━━━━━ RECORDED DATA ━━━━━
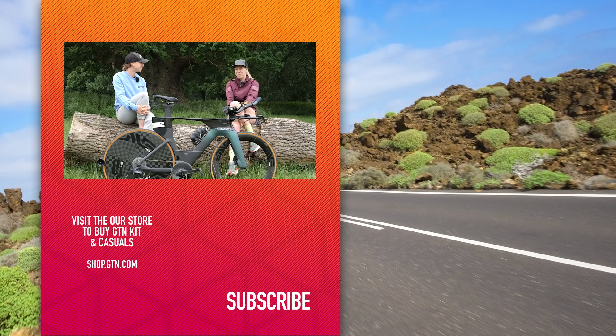Thank you so much for those tips, and I hope you have a great race. Thank you.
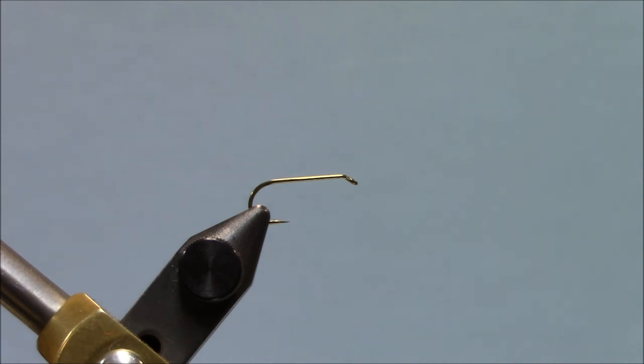Now, you probably know this, but a dry fly hook — if you notice the diameter of the metal in these hooks, it's considerably smaller. You'll see on a hook package a '1x fine,' which means the wire in it is one size smaller in terms of weight than a standard hook. They do that to give it more floatability. You can tie these with a nymph hook, but you'll need some floatant for sure. So if you're going to do a dry fly, you'll be better off using a dry fly hook.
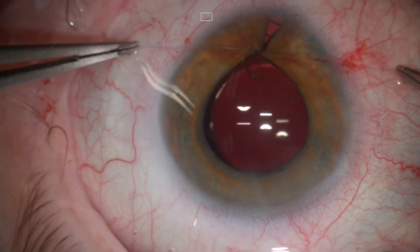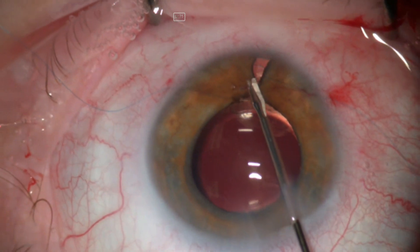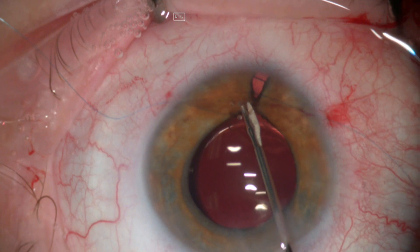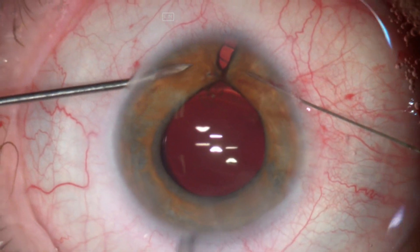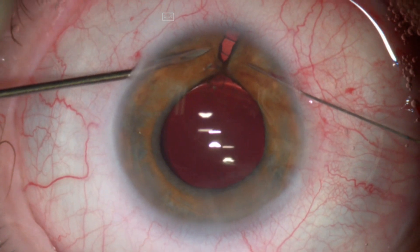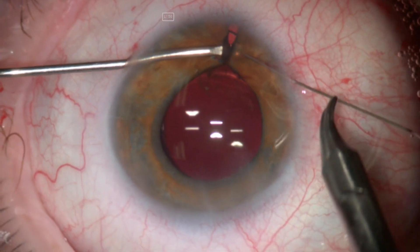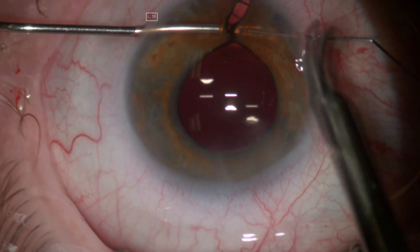The pupil is nicely rounded at this point, and then the sutures were cut with micro scissors. I found there was a little bit of gaping, so I decided to take an extra suture. For the second suture, you can do it directly and there is a little bit of tension from the first suture.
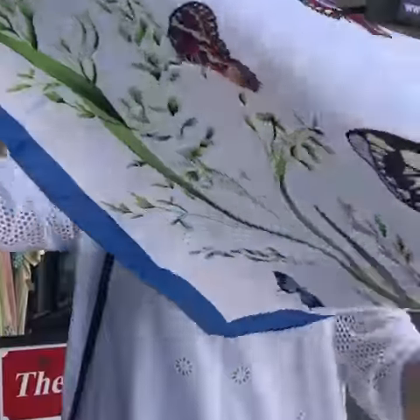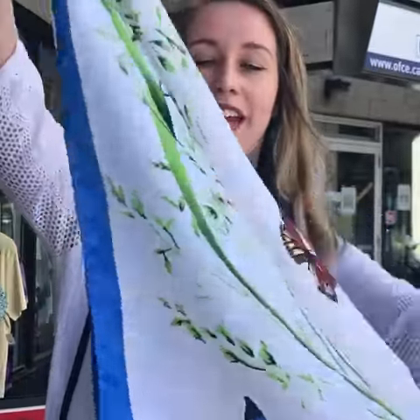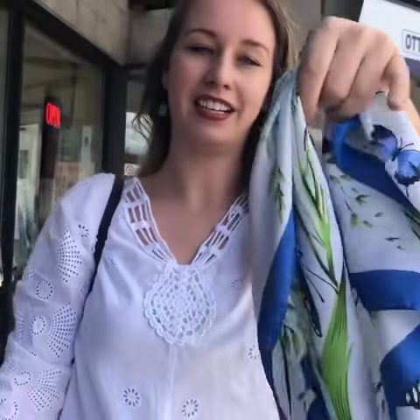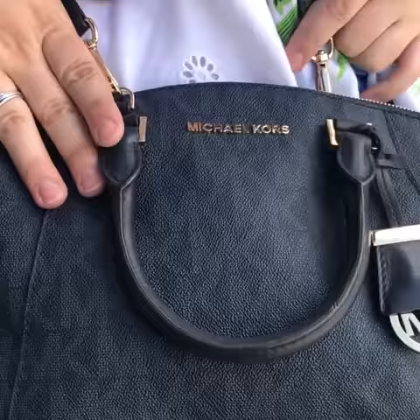So you'll take a scarf like this, fold it in a diagonal like so, and you'll just grab it in the center here. I'm showing you on this beautiful Michael Kors purse here.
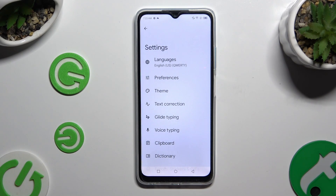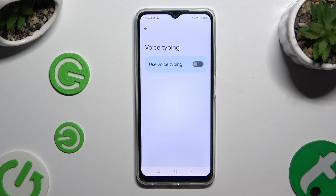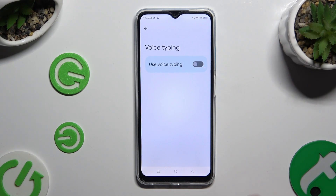Now select voice typing from the keyboard settings and click on the grey switcher next to 'Use voice typing' to activate it.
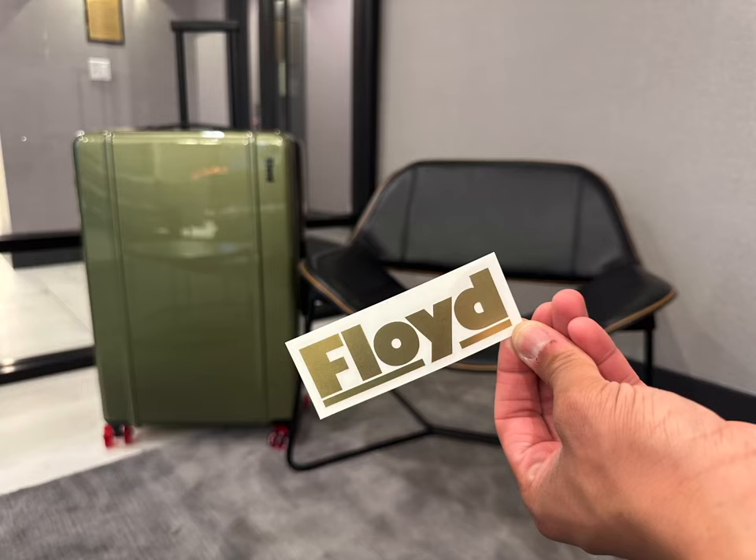Hey everyone and welcome to my channel, See It With CJ, where I discuss and review all things travel and other really cool lifestyle products and activities.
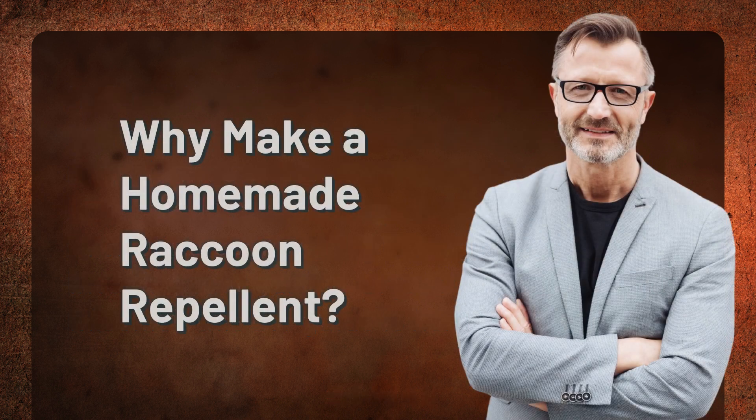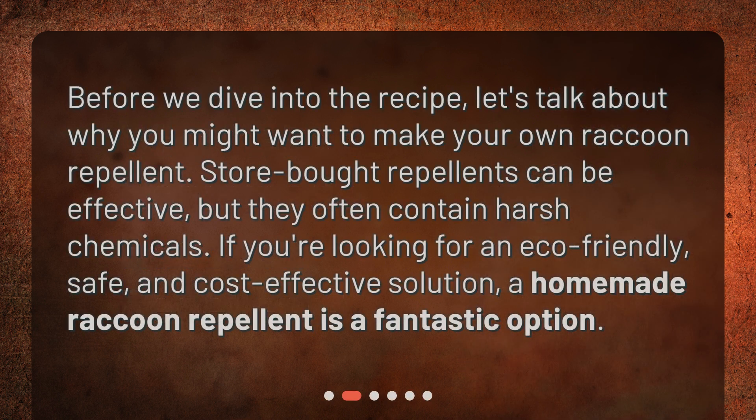Why make a homemade raccoon repellent? Before we dive into the recipe, let's talk about why you might want to make your own raccoon repellent. Store-bought repellents can be effective, but they often contain harsh chemicals. If you're looking for an eco-friendly, safe, and cost-effective solution, a homemade raccoon repellent is a fantastic option.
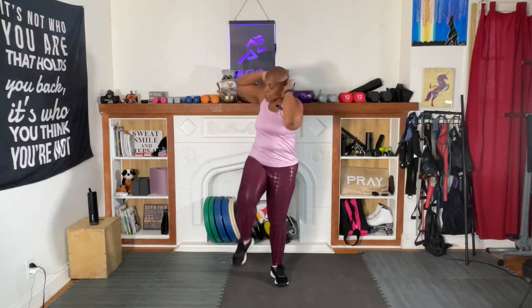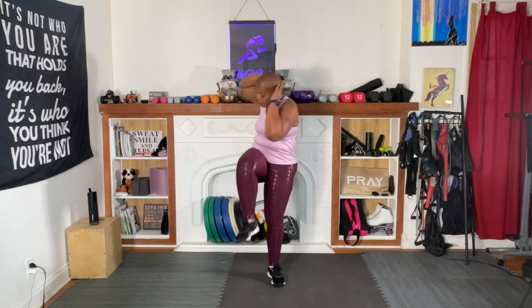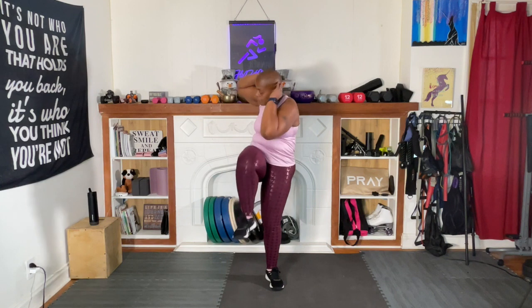Slow movement, we're not in a race. Let's go. One, two, three, four, five, six, seven, eight, nine, ten, eleven, twelve. That's it. You did it!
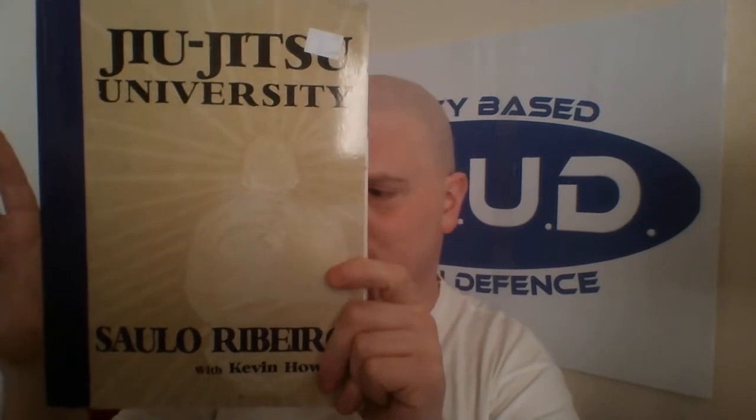This is the bible of Brazilian Jiu Jitsu, this is the daddy as far as I'm concerned. This is Jiu Jitsu University by Saulo Ribeiro. 100% you need this.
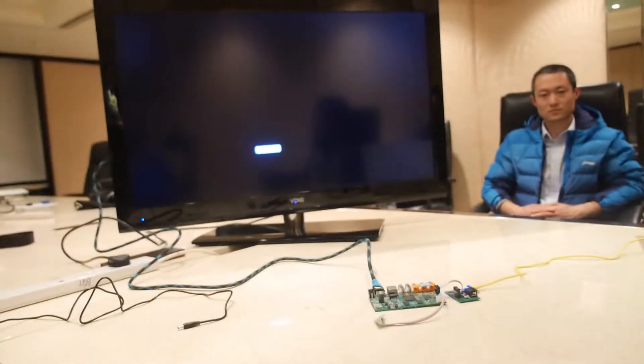Is this in many set-top boxes? Yes, in millions of set-top boxes, millions of products now, mostly in China. So this is a dual-core Cortex-A9? Yes. With a Mali-400 GPU, 512MB RAM, and 4GB flash? Yes, exactly.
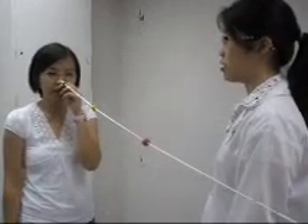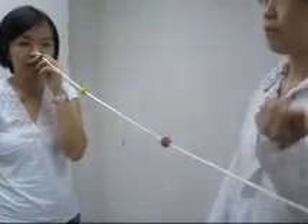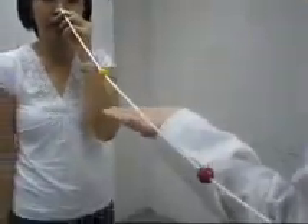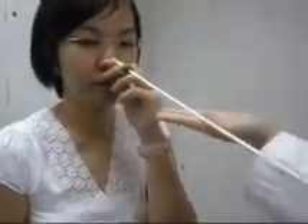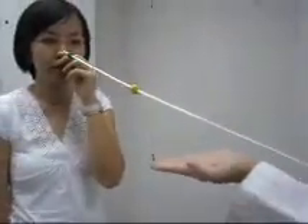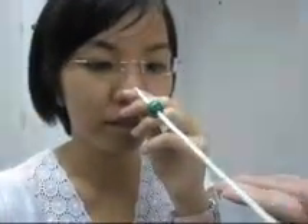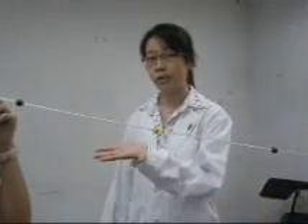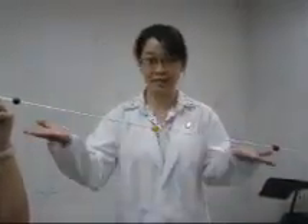Now I'm going to train your convergence. Please look at the red bead, and the yellow bead, and the green bead. Please look at the red bead, and the yellow bead, and the green bead. This cycle is repeated several times to improve her convergence at this distance.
━━━━━
WHAT IS BEING ASKED: Pictures excluded, write out exactly and only the lines of the material from the one containing "Why make a homemade" up to and including the last line.

WRITTEN RESPONSE:
Why make a homemade raccoon repellent? Before we dive into the recipe, let's talk about why you might want to make your own raccoon repellent. Store-bought repellents can be effective, but they often contain harsh chemicals. If you're looking for an eco-friendly, safe, and cost-effective solution, a homemade raccoon repellent is a fantastic option.
Slow movement, we're not in a race. Let's go. One, two, three, four, five, six, seven, eight, nine, ten, eleven, twelve. That's it. You did it!
This is the bible of Brazilian Jiu Jitsu, this is the daddy as far as I'm concerned. This is Jiu Jitsu University by Saulo Ribeiro. 100% you need this.
Is this in many set-top boxes? Yes, in millions of set-top boxes, millions of products now, mostly in China. So this is a dual-core Cortex-A9? Yes. With a Mali-400 GPU, 512MB RAM, and 4GB flash? Yes, exactly.
Now I'm going to train your convergence. Please look at the red bead, and the yellow bead, and the green bead. Please look at the red bead, and the yellow bead, and the green bead. This cycle is repeated several times to improve her convergence at this distance.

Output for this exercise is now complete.